Given all the benefits Verne claims to offer, why aren’t thousands of companies moving their data to Iceland right now? One reason is the perception of Iceland as a volatile place to do business. Apart from the financial crisis—from which the country finally seems to be recovering—there are natural disasters. The island itself is a volcano, formed by the continual spreading of the Mid-Atlantic ridge, and a 2010 eruption spewed ash that shut down air travel throughout Europe for an entire week. Associated earthquake activity, though rare, is also a concern. Due to the use of natural air cooling, some worry that volcanic ash could infiltrate the center and interrupt operations, while earthquakes could damage infrastructure.

But Verne officials say these concerns are overblown. “No matter where you put a data center, there’s risk,” said Monroe, the CEO. “Northern New Jersey, for instance—there are a ton of data centers there, and we saw during Sandy how risky that was.” Gawker.com, for instance, was knocked offline during the storm due to power failures at its New York-area facility. To minimize their risk, Verne put its facility on the former NATO base, which sits on secure bedrock, far away from the island’s seismic activity and upwind from the volcanic activity, and have measures in place to shut down the outdoor air intake in the event of an eruption.

But for some customers, there may be one problem that persists no matter how many precautions Verne takes: latency. 80 milliseconds—the length of time it takes a piece of data to fly from New York to Iceland and back, under ideal conditions—might not sound like much, but for some companies, it might be a deal breaker. In the past, Google has found that merely increasing the time a search takes from 400 to 900 milliseconds causes a 20 per cent drop in traffic. Given the unavoidable delays already present (computing time, the time it takes for data to cross the continental U.S., etc.), tacking on an extra 80 milliseconds could be undesirable. And while Google might be able to build multiple data centers—those in remote, inexpensive places with abundant energy, like Iceland, and those near users specifically built for time-sensitive tasks—smaller companies might not have this luxury, and are forced to put all their eggs in one basket, says James Hamilton, an engineer with Amazon Web Services.

carbon-neutral electricity
The cheap, carbon-neutral electricity flowing through this equipment might lure companies to host their data in Iceland. Image via Verne Global

For larger companies with flexibility, it may be that getting used to the idea of outsourcing data is the biggest hurdle to overcome—the same way outsourcing call centers was a strange idea, until it became normal. “It’s hard to go be the first person to move your data there,” says Rich Miller, the editor-in-chief of Data Center Knowledge. “No one wants to take a risk and have it backfire.”

But it seems that Verne might indeed be at the forefront of a trend.
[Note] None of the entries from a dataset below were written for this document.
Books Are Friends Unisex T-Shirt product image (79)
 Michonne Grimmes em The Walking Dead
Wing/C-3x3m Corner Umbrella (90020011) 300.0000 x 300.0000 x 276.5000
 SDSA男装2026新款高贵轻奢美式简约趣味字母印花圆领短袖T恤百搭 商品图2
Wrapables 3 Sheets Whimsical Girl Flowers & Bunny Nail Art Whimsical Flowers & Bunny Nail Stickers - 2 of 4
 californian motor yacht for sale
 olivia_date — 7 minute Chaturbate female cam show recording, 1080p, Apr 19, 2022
In addition to leasing space in Verne’s facility, BMW has discussed building their own data center nearby, in anticipation of all the data that’ll be used by their increasingly connected cars, equipped with their new ConnectedDrive technology, which provides drivers with cloud-based voice control and real-time traffic information over a wireless connection.

Given the negative publicity companies like Facebook and Apple have received from Greenpeace campaigns protesting their heavy dependence on coal power, the eventual possibility of carbon emission regulations and the resulting increases in energy costs, and the fact that Icelandic utilities offer 20-year fixed-price contracts on carbon-neutral energy for industrial users like power centers, figuring out a way to power data with clean energy in the long term makes a lot of sense. Right now, the data running through your computer or tablet probably didn’t come from Iceland, but wait a year, five years, or a decade. Eventually, there’s a good chance that the cloud will have relocated to a frigid island nation across the Atlantic.